CA Chambéry, ch. civ. sect. 1, 13 juin 2017, n° 15/02177
CHAMBÉRY
Arrêt
Autre
Le 11/09/2013, la société LE FRENEY a donné mandat à la société ALL HOME COURCHEVEL pour une durée d'un an, d'administrer un bien consistant en un chalet de 130 m² sur 4 niveaux, sis à COURCHEVEL 1300, moyennant une rémunération de 20% HT outre TVA pour une mise en location à la semaine et 15% HT outre TVA pour une location à la saison, l'administrateur s'engageant à fournir les prestations suivantes :
- recherche de locataires ;
- établissement d'un reportage photographique ;
- référencement sur son site internet ;
- démarchage à l'étranger ;
- gestion du bien (établissement des baux, encaissement des loyers, travaux..)
Le 02/12/2013, la société LE FRENEY a donné son accord sur les tarifs à pratiquer pour la saison 2013/2014.
Le 13/01/2014, elle a écrit à la société ALL HOME COURCHEVEL pour lui demander quelles étaient les démarches effectuées, faisant dresser le 14/01/2014 un constat par huissier aux termes duquel le chalet n'est pas référencé sur le site « home-courchevel.com », mais qu'il l'est sur le site « homelidays.com ».
Le 23/01/2014, la société ALL HOME COURCHEVEL a répondu qu’elle n'avait aucune location du bien, précisant que le chalet est mis sur le site internet et celui de l'office du tourisme et précisant que le remplissage de la station était très faible en janvier ainsi que sur les vacances scolaires de février.
Le 13/06/2014, la société LE FRENEY a réclamé à titre de dommages intérêts à son mandataire la somme de 43.752,73 euros HT.

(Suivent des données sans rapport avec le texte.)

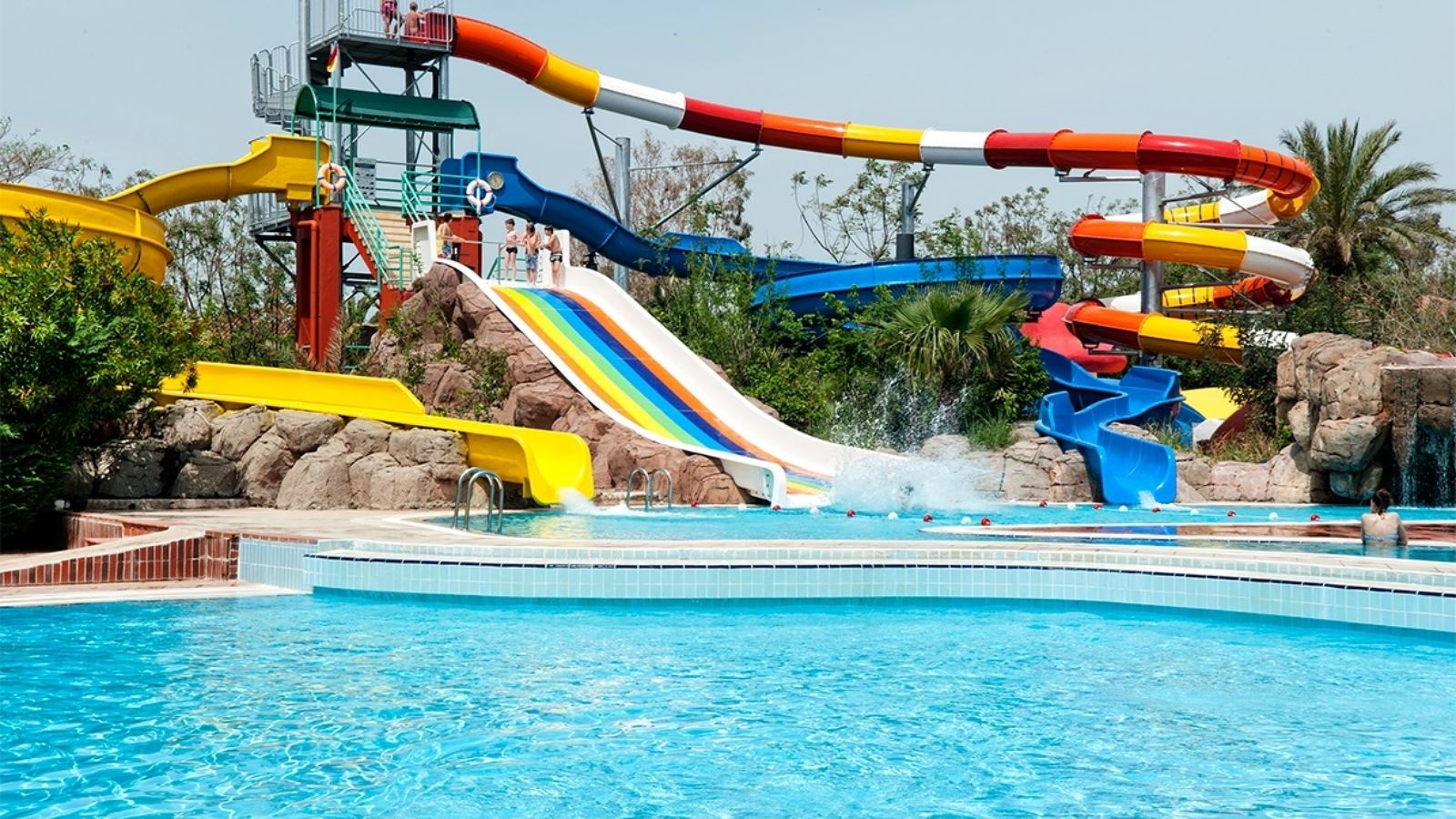 pools-outdoor-pool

Le 25/08/2014, la société ALL HOME COURCHEVEL a répondu que le bien à louer était « atypique », en étant éloigné de la station (1,5 km du Praz, 2,8 km de la Tania), le hameau du Fréney n'étant ni desservi par les remontées mécaniques ni par les transports en commun, les tarifs pratiqués étant trop élevés.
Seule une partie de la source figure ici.